▸ **Task requirements**: In the listing below, find the line containing "Донный клапан Jacob Delafon золотой (E30536-BCN) Донный" and the line containing "Billboard featuring Sierra", then copy exactly everything from the first through the second, except the pictures.

▸ **Entries supplied**:
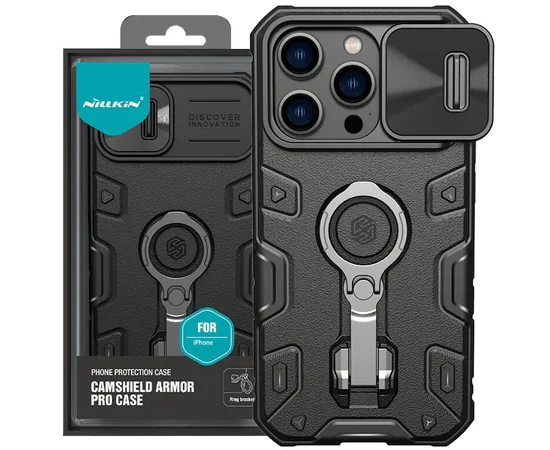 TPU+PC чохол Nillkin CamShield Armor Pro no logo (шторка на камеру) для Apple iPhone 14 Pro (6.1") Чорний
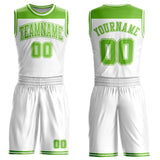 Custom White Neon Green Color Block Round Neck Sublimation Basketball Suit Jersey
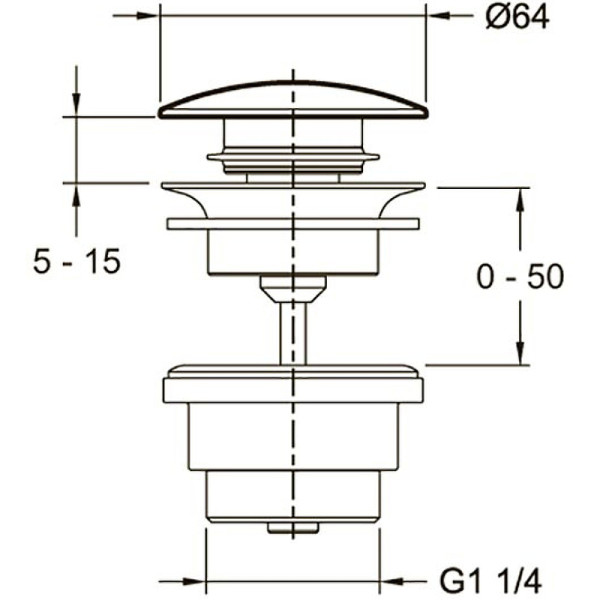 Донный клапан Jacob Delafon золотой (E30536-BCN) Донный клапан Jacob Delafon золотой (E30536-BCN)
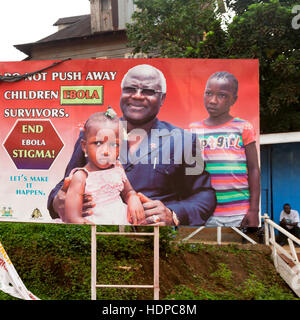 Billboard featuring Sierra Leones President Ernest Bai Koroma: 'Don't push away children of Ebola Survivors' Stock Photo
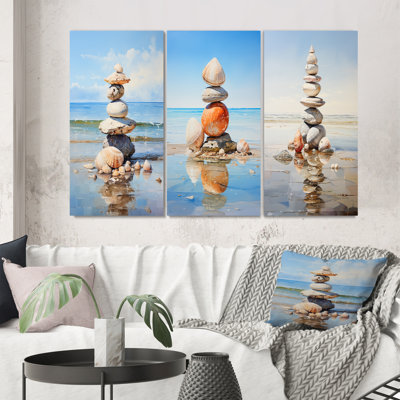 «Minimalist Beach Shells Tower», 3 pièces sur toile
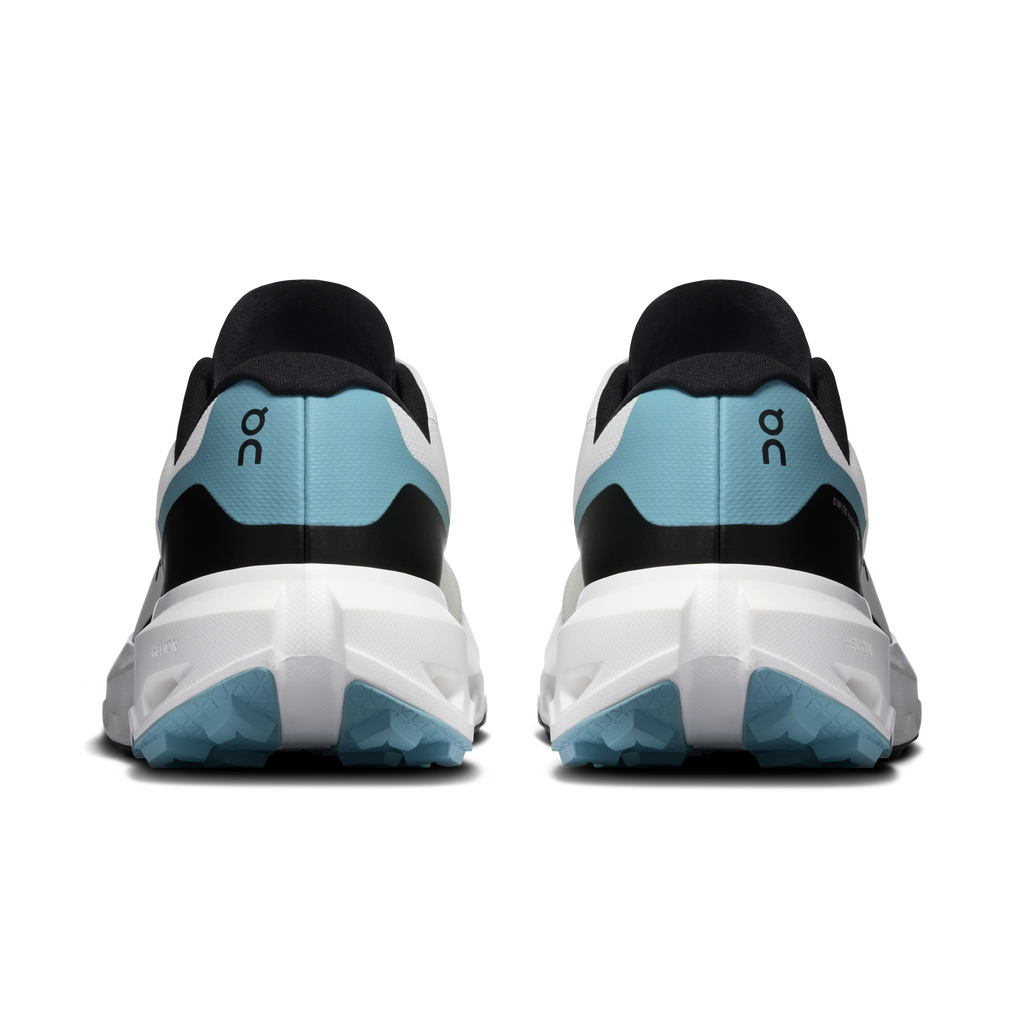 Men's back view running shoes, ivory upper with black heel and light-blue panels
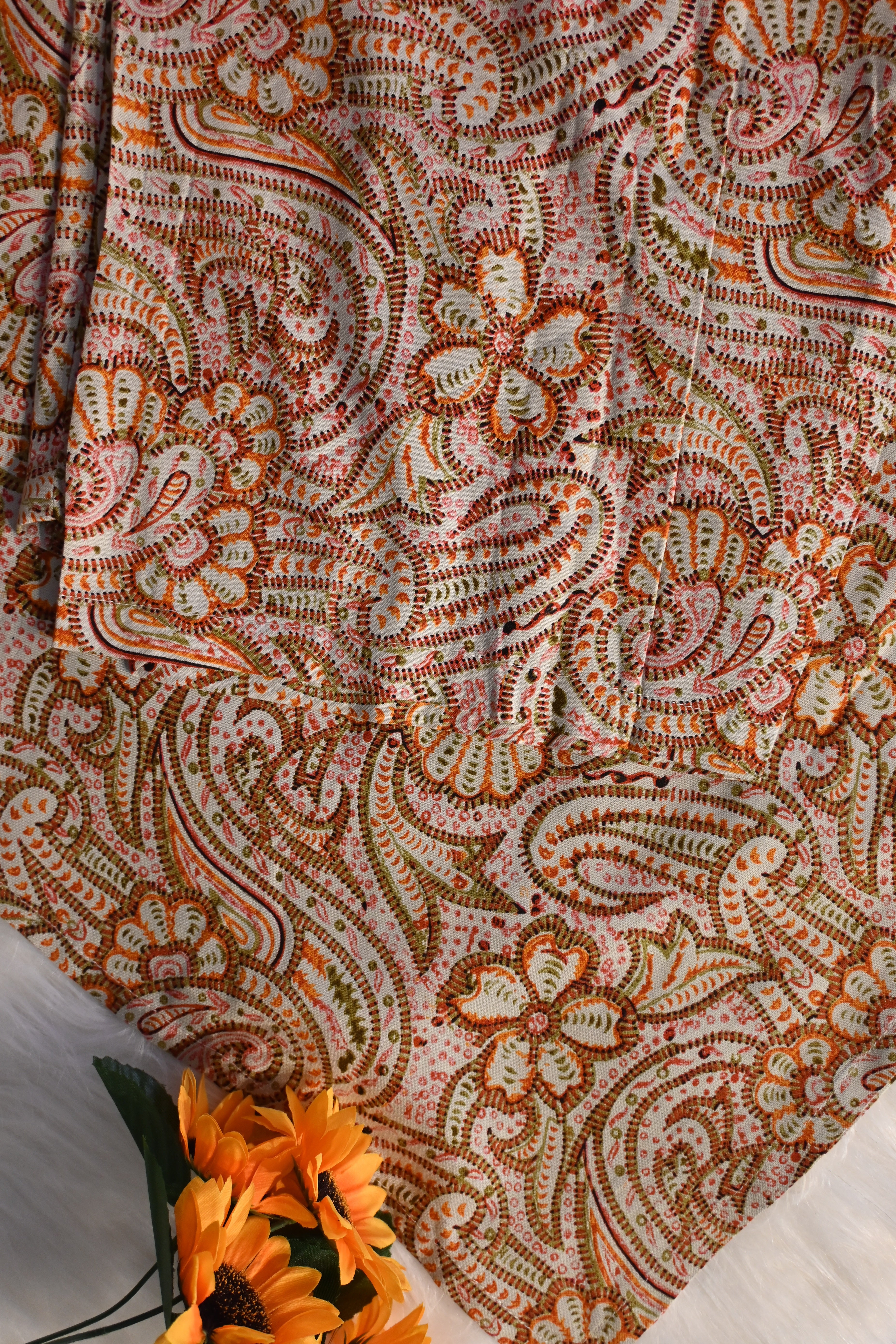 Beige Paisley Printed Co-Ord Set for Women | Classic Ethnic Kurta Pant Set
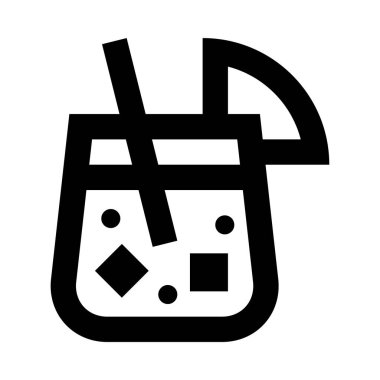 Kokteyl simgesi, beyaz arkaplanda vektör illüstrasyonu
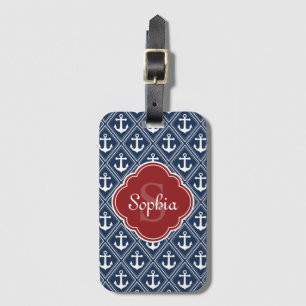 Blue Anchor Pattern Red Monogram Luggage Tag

---

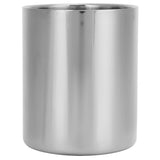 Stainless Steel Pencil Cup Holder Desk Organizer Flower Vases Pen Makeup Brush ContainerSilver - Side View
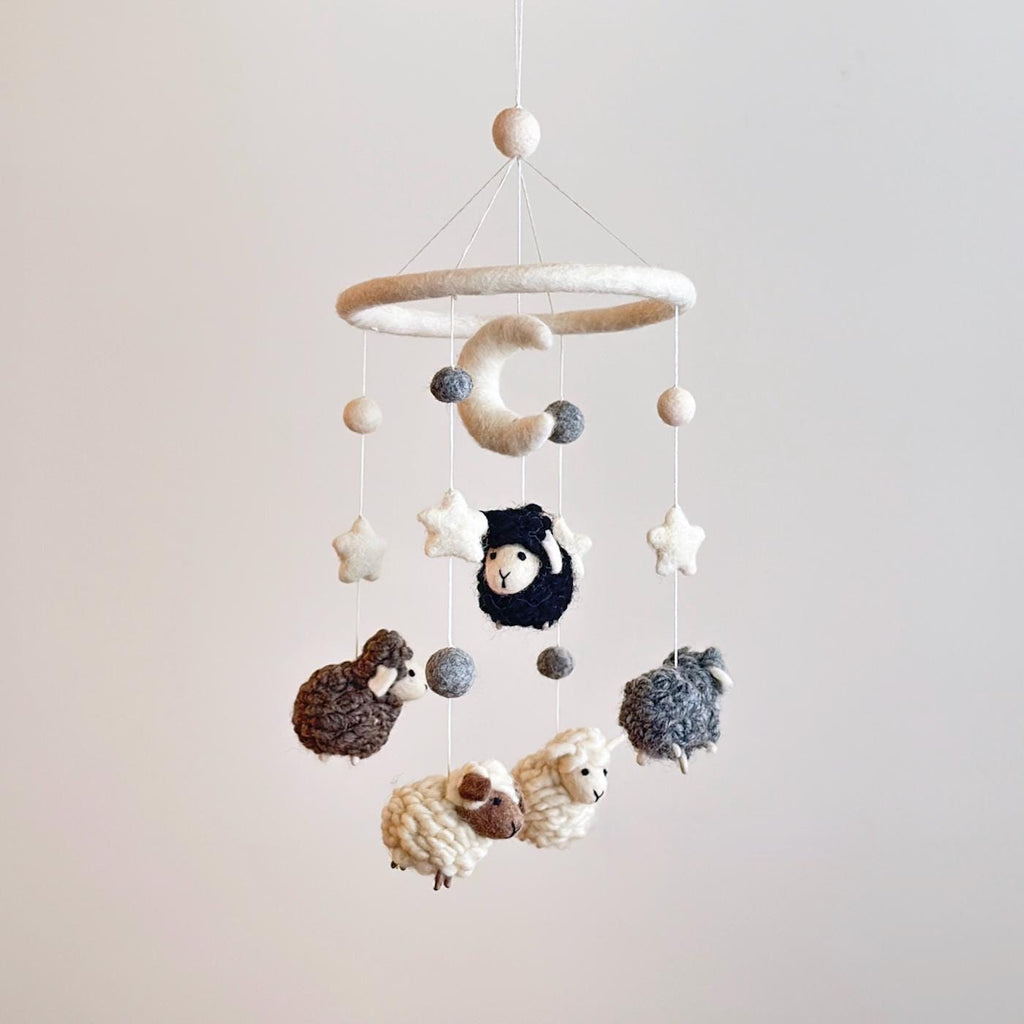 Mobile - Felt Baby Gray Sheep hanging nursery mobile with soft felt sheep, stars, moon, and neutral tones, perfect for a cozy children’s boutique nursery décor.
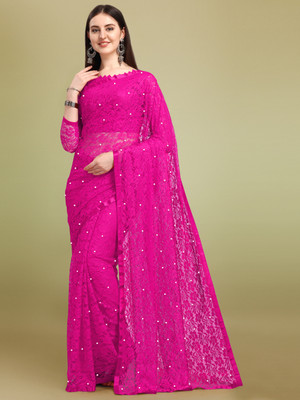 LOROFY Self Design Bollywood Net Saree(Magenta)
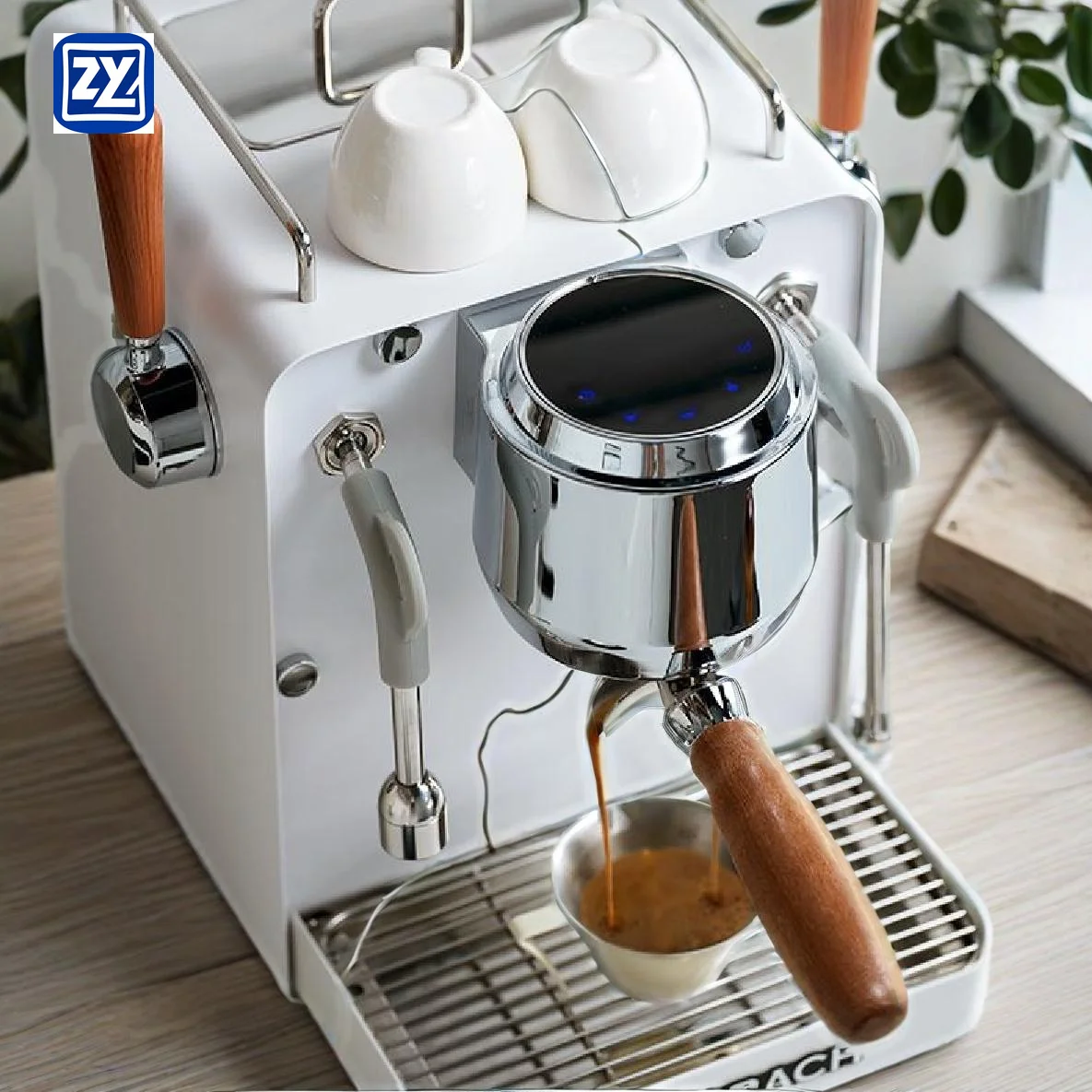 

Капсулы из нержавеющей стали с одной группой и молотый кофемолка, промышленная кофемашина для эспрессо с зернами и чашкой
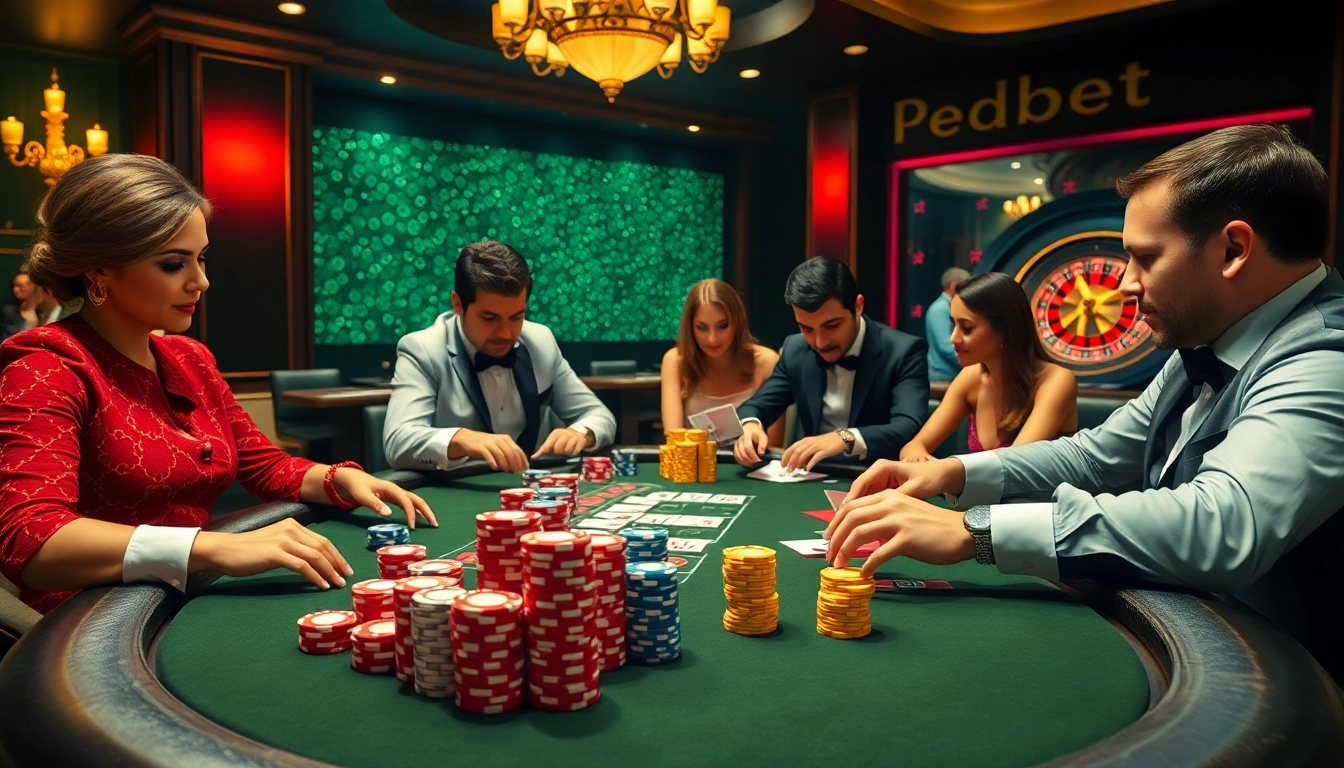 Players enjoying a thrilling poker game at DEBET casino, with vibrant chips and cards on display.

▸ **Output for this task**:
 Донный клапан Jacob Delafon золотой (E30536-BCN) Донный клапан Jacob Delafon золотой (E30536-BCN)
 Billboard featuring Sierra Leones President Ernest Bai Koroma: 'Don't push away children of Ebola Survivors' Stock Photo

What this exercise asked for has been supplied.